I have walked 500 miles...

Actually, I've driven 200 miles - and that was just yesterday. Know where it got me? Back home.  It always gets me back home and, as of late, I find this rather dispiriting. Home consists of antiquated electronics, brown carpet, broken down brown furniture, a sink full of dishes and a bedroom full of laundry. Home is where the cat pees on the base of the coat rack. It's where I spend my week-ends, the two days off I get after putting in five days at a mind numbingly unrewarding job, doing laundry and cooking and cleaning the fridge and shuttling my family back and forth across the state because I'm the only one who drives.

This, btw, may not look like a thesis statement, but it is. 

It's also the time I spend doing inane homework assignments for idiotic online professors who think no one managed to get past 2nd grade. One of this weeks assignments? Pick a topic, do a google search on it and find a reliable source to use as part of a research paper. Explain how you applied what you've learned in this course so far to your decision to eliminate RushLimbaugh.com as a reliable source and no, using your brain doesn't count, you really need to learn how to use this weeks mnemonic: CRAAP.  Because eliminating Rush based on your previously gleaned knowledge of Rush and your intuitive assessment that his recent comment describing a young adult woman who is in favor of her health insurance covering birth control methods as a "slut" and a "prostitute" doesn't really qualify him as a reliable source on much of anything doesn't meet the course criteria for effective research.

Next: Go to the school library and search your topic. Look at an online paper and then check out a book on your subject. This should take up to 90 minutes, so plan accordingly. Well, okay but I guess that means I'll have to return the books I checked out for the LAST research paper I did so I can start all over the learn how to use a library.  That was the research paper that brought me to the Central Valley of California, to Salinas, to the National Steinbeck Center, to a rainy morning in the archives with files everywhere, pictures everywhere, information everywhere and two hours with the Center's Volunteer Archivist, a fascinating and friendly man named Herb who says he's "not a Steinbeck scholar" but, for my money, is selling himself short. This is the paper that was 4500 words and I had to force myself to stop, the paper I eventually want to expand into a thesis, a dissertation and a book, the paper that was supposed to be about Steinbeck and the Great Depression and ended up being about Steinbeck the journalist because I became completely immersed in a series of newspapers articles I previously was only vaguely aware even existed.

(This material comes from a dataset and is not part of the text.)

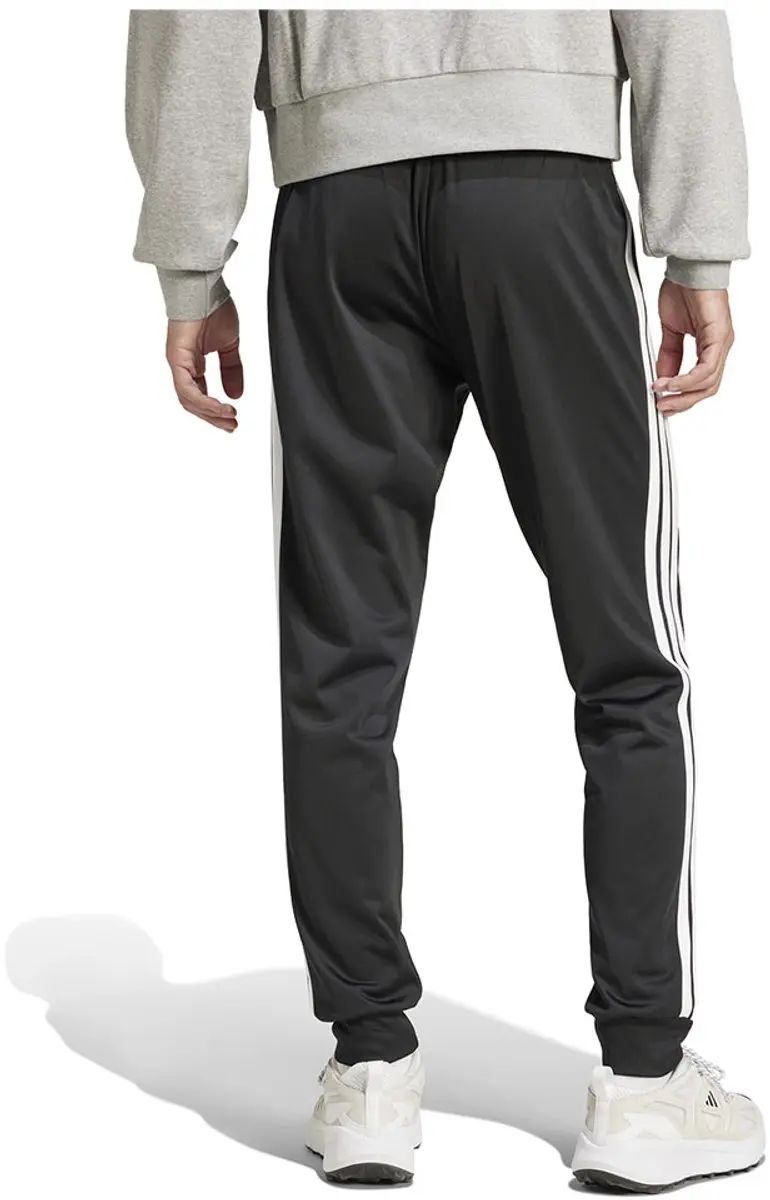 Adidas 3 Stripes Tricot Trainingsbroek - Zwart - XL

But only if I can master checking books out of a library first. Oh, and learning how to write, I have been informed I have no "writer's voice" and my grammar and vocabulary are atrocious and need improvement and it would "behoove" me to learn these methods of study. In the first place, Syllabus is so badly worded it takes two readings to figure out what, exactly, the guy means, he uses WAY too many articles and words like "behoove." I'm not Steinbeck, but dude, I'm better than THAT. Perhaps this is what age brings, the arrogance to say things like "I'm better than that."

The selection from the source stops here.